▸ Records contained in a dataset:
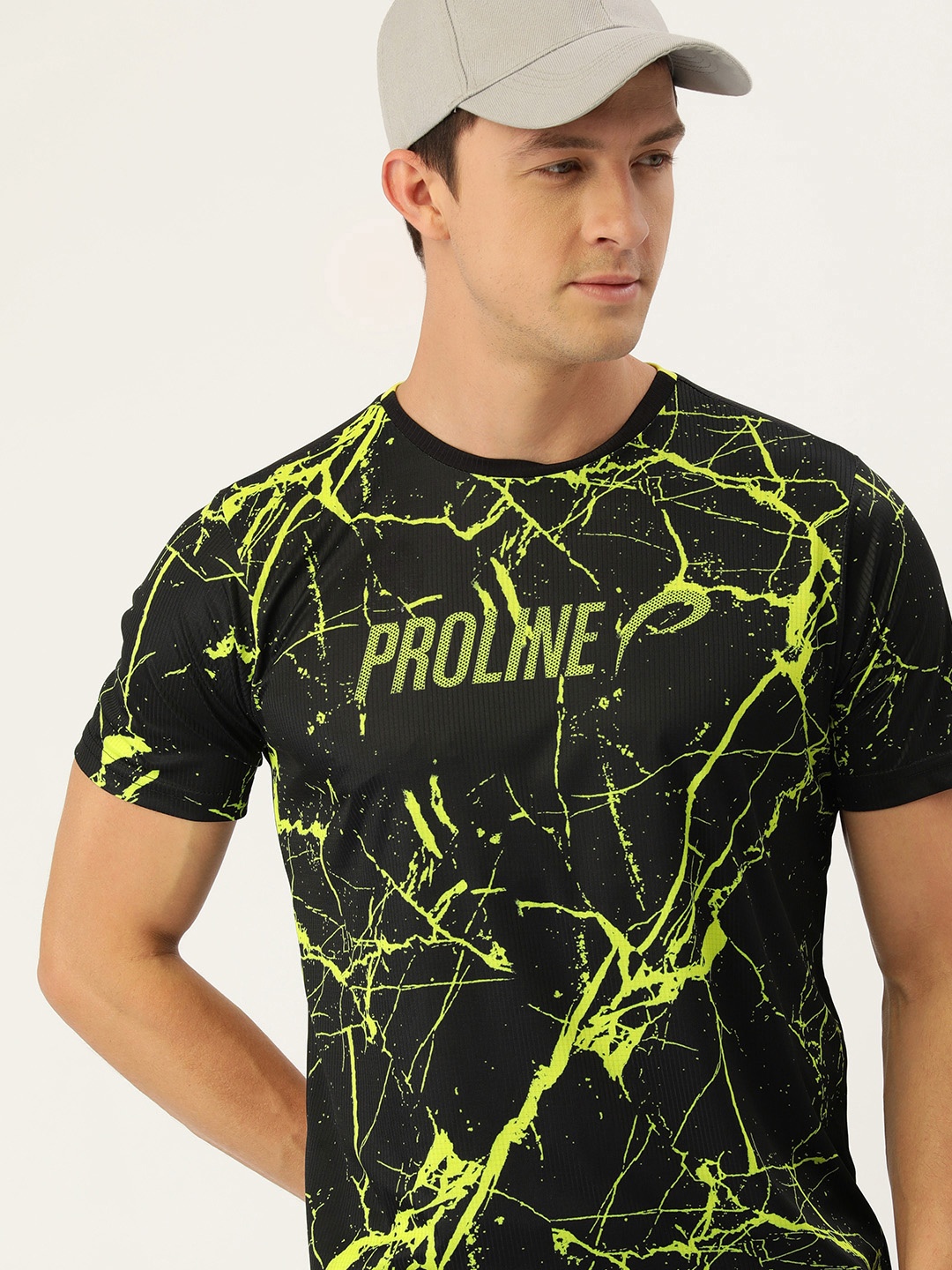 

Proline Active Men Black & Fluorescent Green Printed Casual T-shirt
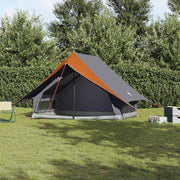 Vidaxx Familienzelt mit grauem und orangefarbenem Dach 315 x 286 x 200 cm - afbeelding 1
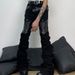 Street Punk Patchwork Flared Jeans – Unisex High-Waisted Cropped Trousers With Leather Accents, Y2K & Grunge Style (Black/Grey, S-3XL)_mkmklike.com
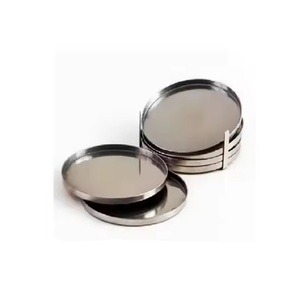 Posavasos de 4 piezas, posavasos creativos para bebidas, posavasos de Metal antideslizante pulido de acero inoxidable, pantalla de mesa con soporte - Product Image 1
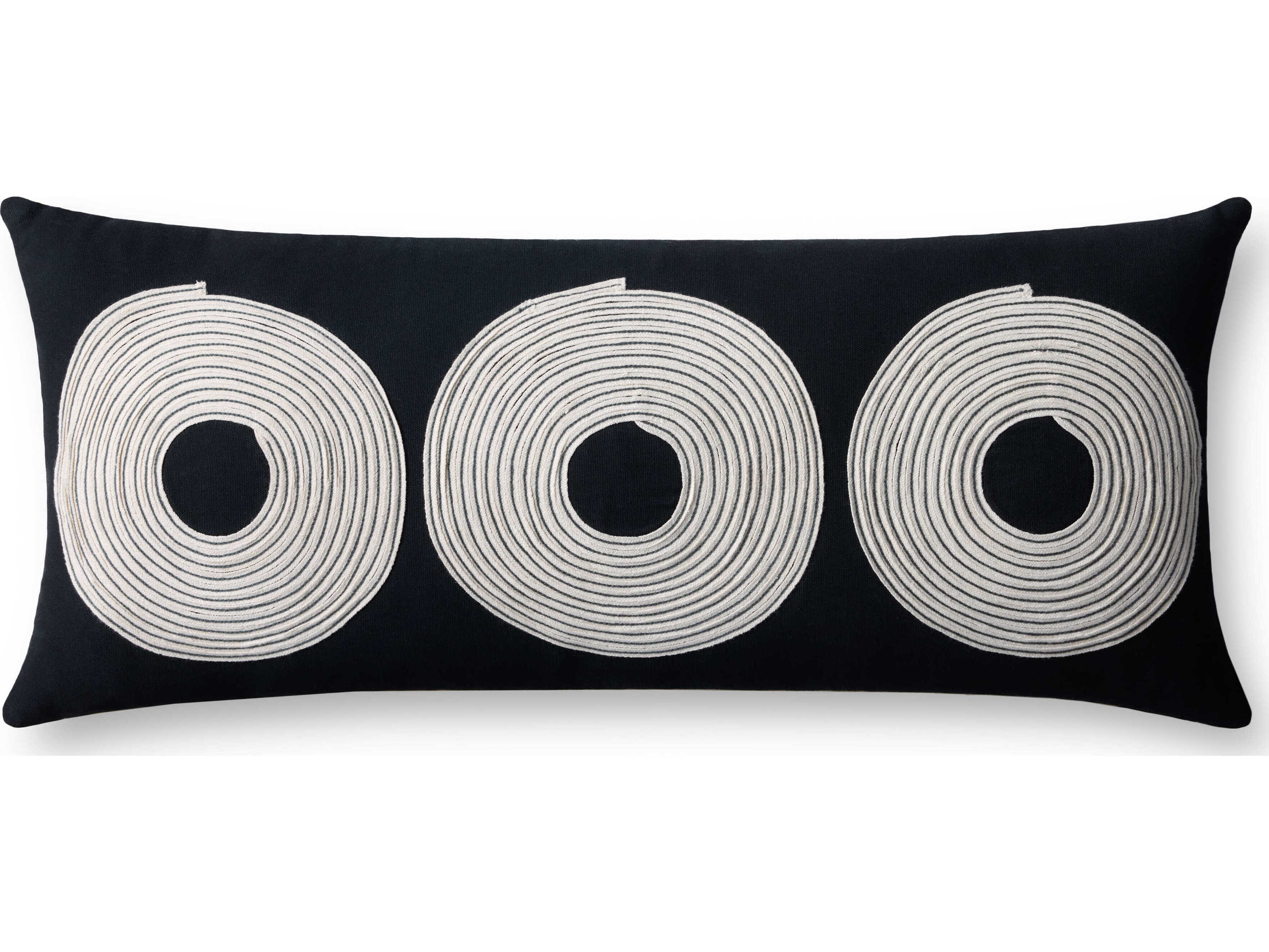 Loloi Rugs Black Natural 27" x 12" Pillow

▸ Task objective:
Your reply should hold only the records, duplicated exactly, without any image.

▸ The completed task:
Proline Active Men Black & Fluorescent Green Printed Casual T-shirt
 Vidaxx Familienzelt mit grauem und orangefarbenem Dach 315 x 286 x 200 cm - afbeelding 1
 Street Punk Patchwork Flared Jeans – Unisex High-Waisted Cropped Trousers With Leather Accents, Y2K & Grunge Style (Black/Grey, S-3XL)_mkmklike.com
 Posavasos de 4 piezas, posavasos creativos para bebidas, posavasos de Metal antideslizante pulido de acero inoxidable, pantalla de mesa con soporte - Product Image 1
 Loloi Rugs Black Natural 27" x 12" Pillow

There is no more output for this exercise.